=== WHAT IS NEEDED ===
Go through the records below and restate each one word for word.

=== INFORMATION GIVEN ===
☆ ☆ ☆ ☆ ☆ ☆ ☆
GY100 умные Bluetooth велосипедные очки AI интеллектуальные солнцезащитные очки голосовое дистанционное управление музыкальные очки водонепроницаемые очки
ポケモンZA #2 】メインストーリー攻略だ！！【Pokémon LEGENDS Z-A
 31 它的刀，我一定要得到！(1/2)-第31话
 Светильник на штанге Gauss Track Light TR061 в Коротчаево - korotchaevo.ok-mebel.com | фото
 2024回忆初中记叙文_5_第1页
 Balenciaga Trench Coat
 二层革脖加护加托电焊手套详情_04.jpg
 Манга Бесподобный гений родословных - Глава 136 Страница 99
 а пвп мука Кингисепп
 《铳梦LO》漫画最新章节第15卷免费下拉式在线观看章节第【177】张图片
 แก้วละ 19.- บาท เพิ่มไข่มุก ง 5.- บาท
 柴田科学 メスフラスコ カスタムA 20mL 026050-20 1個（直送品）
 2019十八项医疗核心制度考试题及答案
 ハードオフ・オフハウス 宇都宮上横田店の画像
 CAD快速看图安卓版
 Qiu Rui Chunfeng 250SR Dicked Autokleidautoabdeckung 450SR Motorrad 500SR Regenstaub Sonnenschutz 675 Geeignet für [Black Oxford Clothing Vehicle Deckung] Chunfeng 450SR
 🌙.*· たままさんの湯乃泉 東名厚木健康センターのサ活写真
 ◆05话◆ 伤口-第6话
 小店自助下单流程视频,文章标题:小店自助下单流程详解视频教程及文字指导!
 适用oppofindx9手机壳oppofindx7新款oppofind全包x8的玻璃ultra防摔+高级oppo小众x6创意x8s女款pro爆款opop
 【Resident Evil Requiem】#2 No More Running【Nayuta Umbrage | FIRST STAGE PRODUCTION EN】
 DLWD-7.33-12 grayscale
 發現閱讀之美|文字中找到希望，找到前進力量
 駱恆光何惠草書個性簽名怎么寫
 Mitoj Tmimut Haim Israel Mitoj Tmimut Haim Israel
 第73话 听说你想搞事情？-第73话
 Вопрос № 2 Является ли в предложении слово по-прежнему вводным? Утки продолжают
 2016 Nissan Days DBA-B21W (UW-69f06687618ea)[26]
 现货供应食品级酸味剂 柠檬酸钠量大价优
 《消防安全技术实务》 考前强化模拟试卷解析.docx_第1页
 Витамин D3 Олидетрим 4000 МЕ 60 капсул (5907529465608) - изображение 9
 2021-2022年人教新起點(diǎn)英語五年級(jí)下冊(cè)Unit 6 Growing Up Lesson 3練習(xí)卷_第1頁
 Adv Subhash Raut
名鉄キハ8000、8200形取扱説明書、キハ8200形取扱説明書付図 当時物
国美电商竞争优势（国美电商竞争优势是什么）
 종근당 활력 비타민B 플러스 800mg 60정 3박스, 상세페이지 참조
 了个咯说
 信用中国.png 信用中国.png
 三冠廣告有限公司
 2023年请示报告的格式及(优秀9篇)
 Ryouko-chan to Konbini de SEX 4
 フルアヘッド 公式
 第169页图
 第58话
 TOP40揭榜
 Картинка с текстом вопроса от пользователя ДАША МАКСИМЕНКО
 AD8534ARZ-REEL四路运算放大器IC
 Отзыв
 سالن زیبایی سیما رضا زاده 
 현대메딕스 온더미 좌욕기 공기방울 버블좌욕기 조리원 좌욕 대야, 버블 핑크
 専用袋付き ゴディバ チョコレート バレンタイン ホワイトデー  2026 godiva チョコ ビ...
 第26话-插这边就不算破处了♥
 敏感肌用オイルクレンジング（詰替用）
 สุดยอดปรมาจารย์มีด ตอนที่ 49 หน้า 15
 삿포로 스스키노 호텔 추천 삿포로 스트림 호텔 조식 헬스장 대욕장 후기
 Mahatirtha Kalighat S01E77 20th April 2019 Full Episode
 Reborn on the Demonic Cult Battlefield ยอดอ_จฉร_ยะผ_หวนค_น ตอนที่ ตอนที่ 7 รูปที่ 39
☆ ☆ ☆ ☆ ☆ ☆ ☆
=== TASK RESULT ===
GY100 умные Bluetooth велосипедные очки AI интеллектуальные солнцезащитные очки голосовое дистанционное управление музыкальные очки водонепроницаемые очки
ポケモンZA #2 】メインストーリー攻略だ！！【Pokémon LEGENDS Z-A
 31 它的刀，我一定要得到！(1/2)-第31话
 Светильник на штанге Gauss Track Light TR061 в Коротчаево - korotchaevo.ok-mebel.com | фото
 2024回忆初中记叙文_5_第1页
 Balenciaga Trench Coat
 二层革脖加护加托电焊手套详情_04.jpg
 Манга Бесподобный гений родословных - Глава 136 Страница 99
 а пвп мука Кингисепп
 《铳梦LO》漫画最新章节第15卷免费下拉式在线观看章节第【177】张图片
 แก้วละ 19.- บาท เพิ่มไข่มุก ง 5.- บาท
 柴田科学 メスフラスコ カスタムA 20mL 026050-20 1個（直送品）
 2019十八项医疗核心制度考试题及答案
 ハードオフ・オフハウス 宇都宮上横田店の画像
 CAD快速看图安卓版
 Qiu Rui Chunfeng 250SR Dicked Autokleidautoabdeckung 450SR Motorrad 500SR Regenstaub Sonnenschutz 675 Geeignet für [Black Oxford Clothing Vehicle Deckung] Chunfeng 450SR
 🌙.*· たままさんの湯乃泉 東名厚木健康センターのサ活写真
 ◆05话◆ 伤口-第6话
 小店自助下单流程视频,文章标题:小店自助下单流程详解视频教程及文字指导!
 适用oppofindx9手机壳oppofindx7新款oppofind全包x8的玻璃ultra防摔+高级oppo小众x6创意x8s女款pro爆款opop
 【Resident Evil Requiem】#2 No More Running【Nayuta Umbrage | FIRST STAGE PRODUCTION EN】
 DLWD-7.33-12 grayscale
 發現閱讀之美|文字中找到希望，找到前進力量
 駱恆光何惠草書個性簽名怎么寫
 Mitoj Tmimut Haim Israel Mitoj Tmimut Haim Israel
 第73话 听说你想搞事情？-第73话
 Вопрос № 2 Является ли в предложении слово по-прежнему вводным? Утки продолжают
 2016 Nissan Days DBA-B21W (UW-69f06687618ea)[26]
 现货供应食品级酸味剂 柠檬酸钠量大价优
 《消防安全技术实务》 考前强化模拟试卷解析.docx_第1页
 Витамин D3 Олидетрим 4000 МЕ 60 капсул (5907529465608) - изображение 9
 2021-2022年人教新起點(diǎn)英語五年級(jí)下冊(cè)Unit 6 Growing Up Lesson 3練習(xí)卷_第1頁
 Adv Subhash Raut
名鉄キハ8000、8200形取扱説明書、キハ8200形取扱説明書付図 当時物
国美电商竞争优势（国美电商竞争优势是什么）
 종근당 활력 비타민B 플러스 800mg 60정 3박스, 상세페이지 참조
 了个咯说
 信用中国.png 信用中国.png
 三冠廣告有限公司
 2023年请示报告的格式及(优秀9篇)
 Ryouko-chan to Konbini de SEX 4
 フルアヘッド 公式
 第169页图
 第58话
 TOP40揭榜
 Картинка с текстом вопроса от пользователя ДАША МАКСИМЕНКО
 AD8534ARZ-REEL四路运算放大器IC
 Отзыв
 سالن زیبایی سیما رضا زاده 
 현대메딕스 온더미 좌욕기 공기방울 버블좌욕기 조리원 좌욕 대야, 버블 핑크
 専用袋付き ゴディバ チョコレート バレンタイン ホワイトデー  2026 godiva チョコ ビ...
 第26话-插这边就不算破处了♥
 敏感肌用オイルクレンジング（詰替用）
 สุดยอดปรมาจารย์มีด ตอนที่ 49 หน้า 15
 삿포로 스스키노 호텔 추천 삿포로 스트림 호텔 조식 헬스장 대욕장 후기
 Mahatirtha Kalighat S01E77 20th April 2019 Full Episode
 Reborn on the Demonic Cult Battlefield ยอดอ_จฉร_ยะผ_หวนค_น ตอนที่ ตอนที่ 7 รูปที่ 39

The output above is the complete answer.